TASK REQUIREMENTS » Write out every entry exactly as it appears.

INPUT MATERIAL Start Marker

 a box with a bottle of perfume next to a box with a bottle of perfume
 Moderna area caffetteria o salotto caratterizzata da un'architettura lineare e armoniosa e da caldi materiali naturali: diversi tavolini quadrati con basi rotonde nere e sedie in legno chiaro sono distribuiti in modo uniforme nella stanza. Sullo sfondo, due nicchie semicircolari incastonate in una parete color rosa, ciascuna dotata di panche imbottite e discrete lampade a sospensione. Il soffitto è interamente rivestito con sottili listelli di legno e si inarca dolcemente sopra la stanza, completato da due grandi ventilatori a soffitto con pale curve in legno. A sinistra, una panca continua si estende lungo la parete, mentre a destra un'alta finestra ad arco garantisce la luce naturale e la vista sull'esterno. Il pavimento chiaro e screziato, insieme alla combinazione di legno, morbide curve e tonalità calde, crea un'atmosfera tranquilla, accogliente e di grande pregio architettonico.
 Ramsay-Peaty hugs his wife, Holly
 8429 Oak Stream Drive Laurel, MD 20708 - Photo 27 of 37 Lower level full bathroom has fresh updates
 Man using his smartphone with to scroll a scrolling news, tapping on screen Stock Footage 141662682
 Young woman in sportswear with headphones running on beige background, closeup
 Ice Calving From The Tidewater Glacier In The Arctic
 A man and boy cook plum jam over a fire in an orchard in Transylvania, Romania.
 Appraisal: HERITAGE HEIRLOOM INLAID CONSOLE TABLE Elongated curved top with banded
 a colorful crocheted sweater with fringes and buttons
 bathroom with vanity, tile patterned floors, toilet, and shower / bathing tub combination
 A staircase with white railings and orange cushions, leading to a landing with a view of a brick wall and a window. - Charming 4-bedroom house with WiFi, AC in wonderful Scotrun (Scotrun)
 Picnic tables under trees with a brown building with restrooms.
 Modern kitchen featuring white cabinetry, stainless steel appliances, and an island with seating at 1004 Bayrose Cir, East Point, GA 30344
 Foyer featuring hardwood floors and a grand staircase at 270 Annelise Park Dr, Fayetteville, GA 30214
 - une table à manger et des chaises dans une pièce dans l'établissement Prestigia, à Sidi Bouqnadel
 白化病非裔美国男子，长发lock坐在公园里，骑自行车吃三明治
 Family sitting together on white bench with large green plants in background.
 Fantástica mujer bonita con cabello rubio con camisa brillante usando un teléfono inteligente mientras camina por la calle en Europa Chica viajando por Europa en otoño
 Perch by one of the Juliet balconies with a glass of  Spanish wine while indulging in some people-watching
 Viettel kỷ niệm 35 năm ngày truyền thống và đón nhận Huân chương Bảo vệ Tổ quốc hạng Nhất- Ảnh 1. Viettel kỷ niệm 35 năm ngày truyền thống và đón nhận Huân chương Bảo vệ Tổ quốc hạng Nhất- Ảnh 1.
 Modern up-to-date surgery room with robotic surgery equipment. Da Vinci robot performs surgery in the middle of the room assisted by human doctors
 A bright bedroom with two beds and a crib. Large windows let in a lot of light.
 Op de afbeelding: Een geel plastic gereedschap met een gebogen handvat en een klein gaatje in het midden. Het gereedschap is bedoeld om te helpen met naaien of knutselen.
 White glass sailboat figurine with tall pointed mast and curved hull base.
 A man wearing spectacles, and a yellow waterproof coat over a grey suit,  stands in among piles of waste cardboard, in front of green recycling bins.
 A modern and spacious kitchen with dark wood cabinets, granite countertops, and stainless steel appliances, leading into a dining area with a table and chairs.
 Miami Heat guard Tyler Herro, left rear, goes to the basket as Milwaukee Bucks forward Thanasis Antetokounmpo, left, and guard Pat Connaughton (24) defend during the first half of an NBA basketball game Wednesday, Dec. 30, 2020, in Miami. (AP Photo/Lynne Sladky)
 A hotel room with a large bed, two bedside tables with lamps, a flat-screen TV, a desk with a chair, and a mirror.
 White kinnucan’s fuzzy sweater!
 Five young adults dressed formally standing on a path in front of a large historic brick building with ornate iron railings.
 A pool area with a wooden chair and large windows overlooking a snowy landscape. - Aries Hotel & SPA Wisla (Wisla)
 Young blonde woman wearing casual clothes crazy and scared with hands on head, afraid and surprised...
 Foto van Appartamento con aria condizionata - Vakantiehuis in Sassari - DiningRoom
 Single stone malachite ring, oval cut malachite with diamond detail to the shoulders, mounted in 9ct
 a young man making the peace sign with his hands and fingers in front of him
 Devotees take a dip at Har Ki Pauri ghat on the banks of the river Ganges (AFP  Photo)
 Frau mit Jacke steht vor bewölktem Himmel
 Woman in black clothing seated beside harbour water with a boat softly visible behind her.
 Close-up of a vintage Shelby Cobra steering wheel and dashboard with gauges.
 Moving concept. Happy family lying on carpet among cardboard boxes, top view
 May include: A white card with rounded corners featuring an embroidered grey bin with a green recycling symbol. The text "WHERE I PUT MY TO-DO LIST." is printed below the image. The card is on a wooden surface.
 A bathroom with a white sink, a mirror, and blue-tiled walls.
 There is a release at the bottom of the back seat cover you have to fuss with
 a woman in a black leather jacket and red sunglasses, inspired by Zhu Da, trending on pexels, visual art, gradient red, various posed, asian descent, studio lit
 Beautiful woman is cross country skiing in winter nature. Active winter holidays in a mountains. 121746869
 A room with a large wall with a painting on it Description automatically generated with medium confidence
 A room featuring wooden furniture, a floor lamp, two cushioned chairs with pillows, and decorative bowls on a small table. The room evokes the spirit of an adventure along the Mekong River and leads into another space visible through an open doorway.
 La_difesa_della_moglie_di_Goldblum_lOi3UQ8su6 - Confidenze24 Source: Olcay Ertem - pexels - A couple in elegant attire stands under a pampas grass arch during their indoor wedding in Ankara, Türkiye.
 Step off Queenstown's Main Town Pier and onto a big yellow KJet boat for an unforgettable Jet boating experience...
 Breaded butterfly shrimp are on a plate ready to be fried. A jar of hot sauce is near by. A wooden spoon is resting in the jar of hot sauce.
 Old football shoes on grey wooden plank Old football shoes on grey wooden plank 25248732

INPUT MATERIAL End Marker

SOLUTION FOR THIS EXERCISE »
 a box with a bottle of perfume next to a box with a bottle of perfume
 Moderna area caffetteria o salotto caratterizzata da un'architettura lineare e armoniosa e da caldi materiali naturali: diversi tavolini quadrati con basi rotonde nere e sedie in legno chiaro sono distribuiti in modo uniforme nella stanza. Sullo sfondo, due nicchie semicircolari incastonate in una parete color rosa, ciascuna dotata di panche imbottite e discrete lampade a sospensione. Il soffitto è interamente rivestito con sottili listelli di legno e si inarca dolcemente sopra la stanza, completato da due grandi ventilatori a soffitto con pale curve in legno. A sinistra, una panca continua si estende lungo la parete, mentre a destra un'alta finestra ad arco garantisce la luce naturale e la vista sull'esterno. Il pavimento chiaro e screziato, insieme alla combinazione di legno, morbide curve e tonalità calde, crea un'atmosfera tranquilla, accogliente e di grande pregio architettonico.
 Ramsay-Peaty hugs his wife, Holly
 8429 Oak Stream Drive Laurel, MD 20708 - Photo 27 of 37 Lower level full bathroom has fresh updates
 Man using his smartphone with to scroll a scrolling news, tapping on screen Stock Footage 141662682
 Young woman in sportswear with headphones running on beige background, closeup
 Ice Calving From The Tidewater Glacier In The Arctic
 A man and boy cook plum jam over a fire in an orchard in Transylvania, Romania.
 Appraisal: HERITAGE HEIRLOOM INLAID CONSOLE TABLE Elongated curved top with banded
 a colorful crocheted sweater with fringes and buttons
 bathroom with vanity, tile patterned floors, toilet, and shower / bathing tub combination
 A staircase with white railings and orange cushions, leading to a landing with a view of a brick wall and a window. - Charming 4-bedroom house with WiFi, AC in wonderful Scotrun (Scotrun)
 Picnic tables under trees with a brown building with restrooms.
 Modern kitchen featuring white cabinetry, stainless steel appliances, and an island with seating at 1004 Bayrose Cir, East Point, GA 30344
 Foyer featuring hardwood floors and a grand staircase at 270 Annelise Park Dr, Fayetteville, GA 30214
 - une table à manger et des chaises dans une pièce dans l'établissement Prestigia, à Sidi Bouqnadel
 白化病非裔美国男子，长发lock坐在公园里，骑自行车吃三明治
 Family sitting together on white bench with large green plants in background.
 Fantástica mujer bonita con cabello rubio con camisa brillante usando un teléfono inteligente mientras camina por la calle en Europa Chica viajando por Europa en otoño
 Perch by one of the Juliet balconies with a glass of  Spanish wine while indulging in some people-watching
 Viettel kỷ niệm 35 năm ngày truyền thống và đón nhận Huân chương Bảo vệ Tổ quốc hạng Nhất- Ảnh 1. Viettel kỷ niệm 35 năm ngày truyền thống và đón nhận Huân chương Bảo vệ Tổ quốc hạng Nhất- Ảnh 1.
 Modern up-to-date surgery room with robotic surgery equipment. Da Vinci robot performs surgery in the middle of the room assisted by human doctors
 A bright bedroom with two beds and a crib. Large windows let in a lot of light.
 Op de afbeelding: Een geel plastic gereedschap met een gebogen handvat en een klein gaatje in het midden. Het gereedschap is bedoeld om te helpen met naaien of knutselen.
 White glass sailboat figurine with tall pointed mast and curved hull base.
 A man wearing spectacles, and a yellow waterproof coat over a grey suit,  stands in among piles of waste cardboard, in front of green recycling bins.
 A modern and spacious kitchen with dark wood cabinets, granite countertops, and stainless steel appliances, leading into a dining area with a table and chairs.
 Miami Heat guard Tyler Herro, left rear, goes to the basket as Milwaukee Bucks forward Thanasis Antetokounmpo, left, and guard Pat Connaughton (24) defend during the first half of an NBA basketball game Wednesday, Dec. 30, 2020, in Miami. (AP Photo/Lynne Sladky)
 A hotel room with a large bed, two bedside tables with lamps, a flat-screen TV, a desk with a chair, and a mirror.
 White kinnucan’s fuzzy sweater!
 Five young adults dressed formally standing on a path in front of a large historic brick building with ornate iron railings.
 A pool area with a wooden chair and large windows overlooking a snowy landscape. - Aries Hotel & SPA Wisla (Wisla)
 Young blonde woman wearing casual clothes crazy and scared with hands on head, afraid and surprised...
 Foto van Appartamento con aria condizionata - Vakantiehuis in Sassari - DiningRoom
 Single stone malachite ring, oval cut malachite with diamond detail to the shoulders, mounted in 9ct
 a young man making the peace sign with his hands and fingers in front of him
 Devotees take a dip at Har Ki Pauri ghat on the banks of the river Ganges (AFP  Photo)
 Frau mit Jacke steht vor bewölktem Himmel
 Woman in black clothing seated beside harbour water with a boat softly visible behind her.
 Close-up of a vintage Shelby Cobra steering wheel and dashboard with gauges.
 Moving concept. Happy family lying on carpet among cardboard boxes, top view
 May include: A white card with rounded corners featuring an embroidered grey bin with a green recycling symbol. The text "WHERE I PUT MY TO-DO LIST." is printed below the image. The card is on a wooden surface.
 A bathroom with a white sink, a mirror, and blue-tiled walls.
 There is a release at the bottom of the back seat cover you have to fuss with
 a woman in a black leather jacket and red sunglasses, inspired by Zhu Da, trending on pexels, visual art, gradient red, various posed, asian descent, studio lit
 Beautiful woman is cross country skiing in winter nature. Active winter holidays in a mountains. 121746869
 A room with a large wall with a painting on it Description automatically generated with medium confidence
 A room featuring wooden furniture, a floor lamp, two cushioned chairs with pillows, and decorative bowls on a small table. The room evokes the spirit of an adventure along the Mekong River and leads into another space visible through an open doorway.
 La_difesa_della_moglie_di_Goldblum_lOi3UQ8su6 - Confidenze24 Source: Olcay Ertem - pexels - A couple in elegant attire stands under a pampas grass arch during their indoor wedding in Ankara, Türkiye.
 Step off Queenstown's Main Town Pier and onto a big yellow KJet boat for an unforgettable Jet boating experience...
 Breaded butterfly shrimp are on a plate ready to be fried. A jar of hot sauce is near by. A wooden spoon is resting in the jar of hot sauce.
 Old football shoes on grey wooden plank Old football shoes on grey wooden plank 25248732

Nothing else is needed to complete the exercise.